In today’s top stories, hedge funds disclose stakes in TSMC, analysts speculate whether the S&P 500 could reach 4,200–4,300 and Ant Group raises $1.5bn for its consumer finance unit. Meanwhile, Morningstar reveals its stock picks for an inflationary environment and carmakers increasingly look to source minerals from miners directly.
Buffett and Coleman buy TSMC
Warren Buffett bought more than $4.1bn ADR shares in Taiwan Semiconductor Manufacturing Company (TSMC) [TSM] in the third quarter. The latest 13F filings show Chase Coleman's Tiger Global acquired a $1.3bn stake in the chipmaker.
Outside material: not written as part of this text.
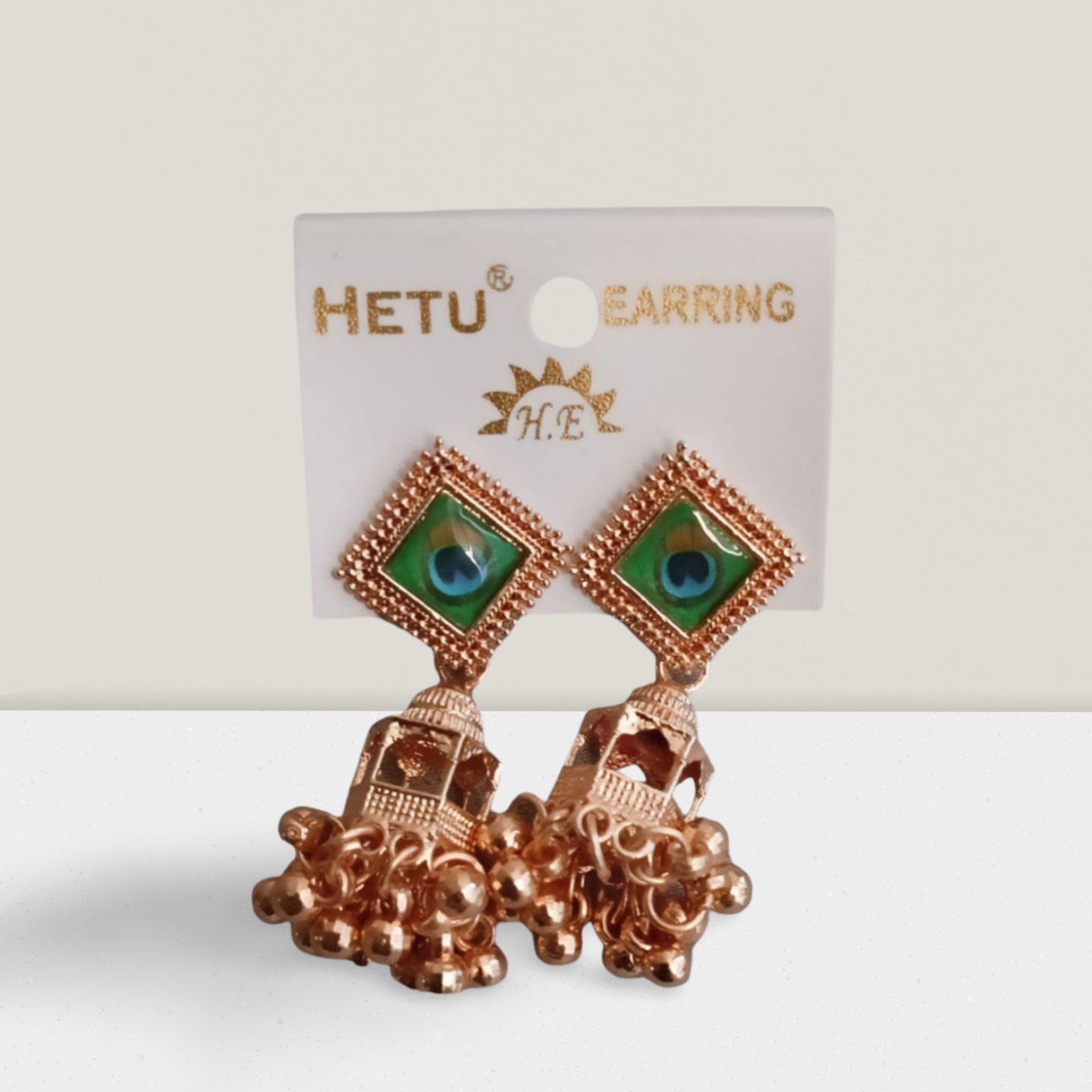 earrings-kurnoolstore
The firm also boosted its Uber [UBER] position by purchasing $272m-worth of shares, but exited Xpeng [XPEV]. Berkshire Hathaway’s only exit was the real estate investment trust, Store Capital [STOR], while its position in Paramount Global [PARA] increased by 16%.
Ant Group to raise half of planned capital
The consumer lending unit of Ant Group, whose IPO was pulled back in November 2020 over regulatory concerns, is lining up more investors despite a major backer, China Cinda Asset Management pulling out. Ant Group is expected to raise around $1.5bn, half what it had originally been aiming for. Despite Jack Ma’s ongoing restructuring, the fintech company continues to face scrutiny from Beijing.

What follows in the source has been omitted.